The shelf just next to my desk ... mainly reference books that are kept to hand but the odd new book that found a space and all a bit as it came out of the boxes when I moved in 9 months ago
With the recent exhibitions at the Danish Architecture Centre and at Designmuseum Danmark I have been thinking a lot about how complex information and particularly how ideas about design and architecture can be best set out in museums and in books and on line.
After graduating I did a university diploma course in museum studies and we discussed the presentation of information quite a lot. It is clear that visitors to museums and galleries look at collections and exhibitions in different ways and the design team have to think about that very carefully. Some visitors walk through quickly even if that is simply because they are aiming for another part of the museum collection. At most, if their eye is caught by something, they want a brief label giving artist or object use or period or country of origin but even then they may want more.

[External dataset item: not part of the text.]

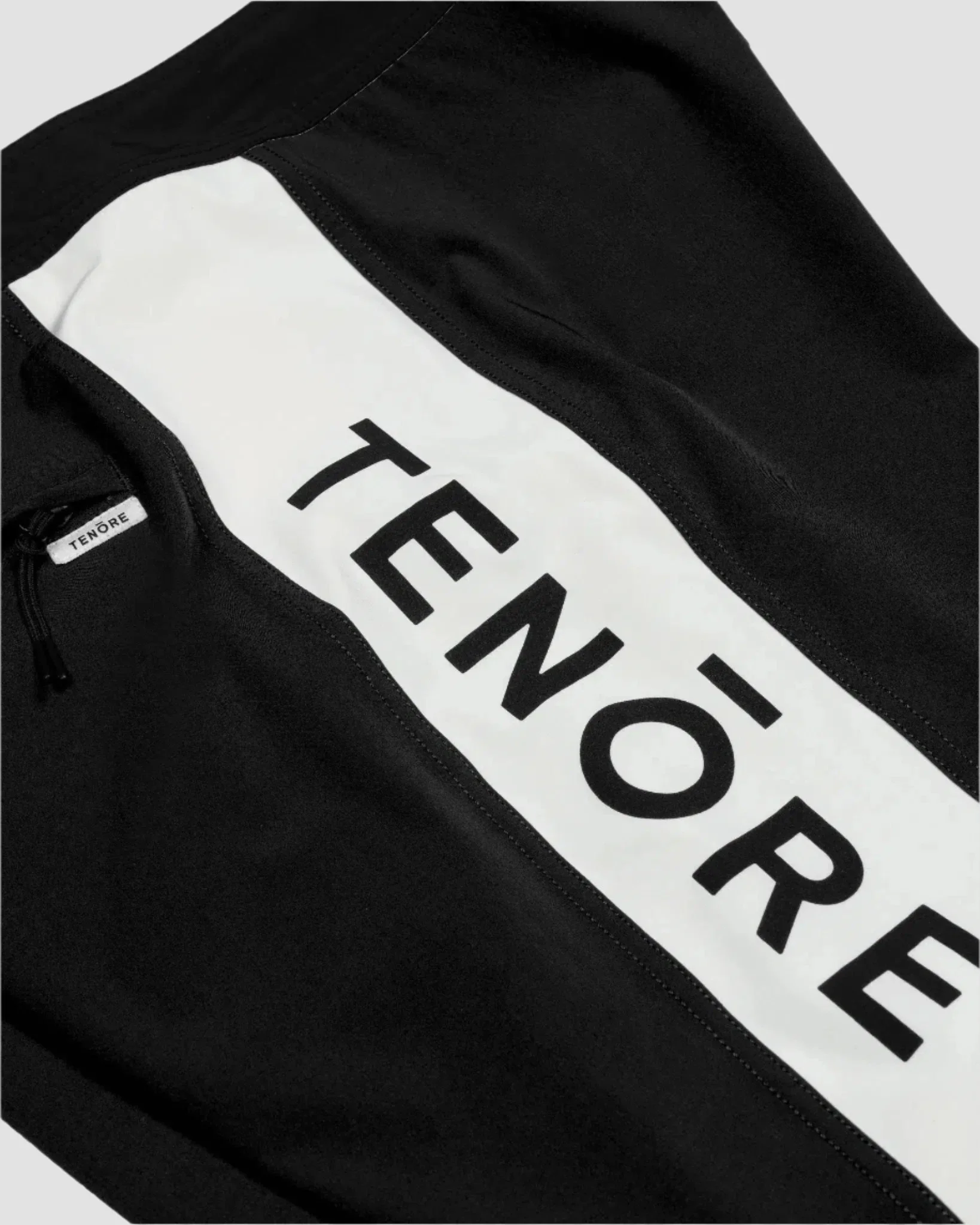 Team Boardshort 21.5" - Image 6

In a focused exhibition many visitors have come specifically to see that show and they may have quite a lot of knowledge about the subject so a second level of more detailed information is necessary but even that can swamp the display visually or deter the less dedicated visitor and you still have to cater for the person who is interested but doesn’t know much so still needs the basics.
Leaflets or information on a board or bat in each area can be useful but how much information is enough or too much? And if you watch next time you are in a gallery with information sheets very few people pick them up.
Audio tapes are one possibility and links picked up by the visitor’s own phone can be useful but again how much information is enough or too much? The visitor can feel as if they are being herded through and then of course, as with data on line and with blog sites, the authors have to do a lot of work to produce a lot of information that people will either never ever look at or will listen to or look at and say “so what” … tell me more. There are amazing statistics about how many tracks on Spotify have never ever been listened to … by anyone … anywhere.
Information on audio tracks, phones or - much more common recently in exhibition - on dedicated touch screens overlaps closely with web sites in terms of how people look for information and want it presented. Arbejdermuseet (The Worker’s Museum) in Copenhagen has large flat screen - literally flat as they are laid down as table-top displays - with short tableau-like commentaries on labour movements, political background and so on with old photos and news film and it is presented in English as well as Danish. An amazing amount of data well presented. The exhibition about fur at the Natonalmuseet (National Museum) in Copenhagen had very large displays of costumes that were in controlled light conditions and there labels where almost impossible so carefully placed touch screens again gave a huge amount of information.
But then if it all gets too much like a web site you get to a point where maybe the visitor feels they could have just stayed at home and downloaded the data.
In neither the Worker’s Museum nor the National Gallery was there any real overlap with books and, in any case, far more people will interact with a screen in front of the display than would ever spend money on an expensive catalogue from the exhibition … although there are, as always, exceptions. The recent Wegner show at Designmuseum had a really good hard-back book published to coincide with the opening of the exhibition and it was carefully balanced to attract both the general and the more specialist visitor and the success of this can be seen in the number of book shops that have stocked and sold that book. I am sure the more expensive and more specialised catalogue for the Kaare Klint exhibition will not sell in such large quantities. Unlike the internet, there is that odd paradox that the more you print, the lower the unit price and the more buyers or conversely if you are cautious and worry about having to pulp or remainder unsold catalogues it becomes a more expensive print run and inevitably you sell less because the cost is higher.
That brings me back to the initial question of the heading of this post. With this blog I am struggling to get right the amount of information I post and how I create levels of information so that readers can do that initial saunter through the gallery/scroll through the basic data or stop and dig down for more.
I am on line the whole time I am writing to check facts and so on but curiously I still find books a quicker and easier way to get to information. For instance the web is still not good if you cannot remember a spelling … I’m not good at remembering names but often remember an initial letter or an odd combination of letters in a name and can find it very quickly in a traditional printed index.
Searching images through Google is getting better and better … for instance if you have an image of an item but no data then an image search can often find a useful site but until recognition technology improves that works better with downloaded images already on line than my own jpegs.
Computers and the internet win hands down for presenting huge quantities of high-quality images that would be impossible in even the most expensive book and of course it is incredibly useful to be able to post details or high quality images where the user can zoom in to see something. Links to other web sites for more images or more information, when properly set out, beat the comparable bibliography in a printed book and can take readers who want more information directly to the best sites.
Some web sites … particularly museum, gallery and library sites … have more and more information available on line and they are disciplined enough and professional enough to update and correct the material they have on their sites. Wikipedia obviously does the same.
But one problem I find more and more is that with so many blogs and sites about design out there, and that number increasing daily, then simple single-word searches are no longer enough to reduce the number of links or give any real sense of potential quality or real accuracy for the information.
There was an article in the Independent on-line news yesterday with the alarming headline “Britain may be forced to ration the internet, expert warns, as web use could consume 100% of nation’s power supply by 2035”
Clearly it’s not just the amount of information but ‘headlines’ that can get bloated way beyond anything that would be acceptable on printed paper.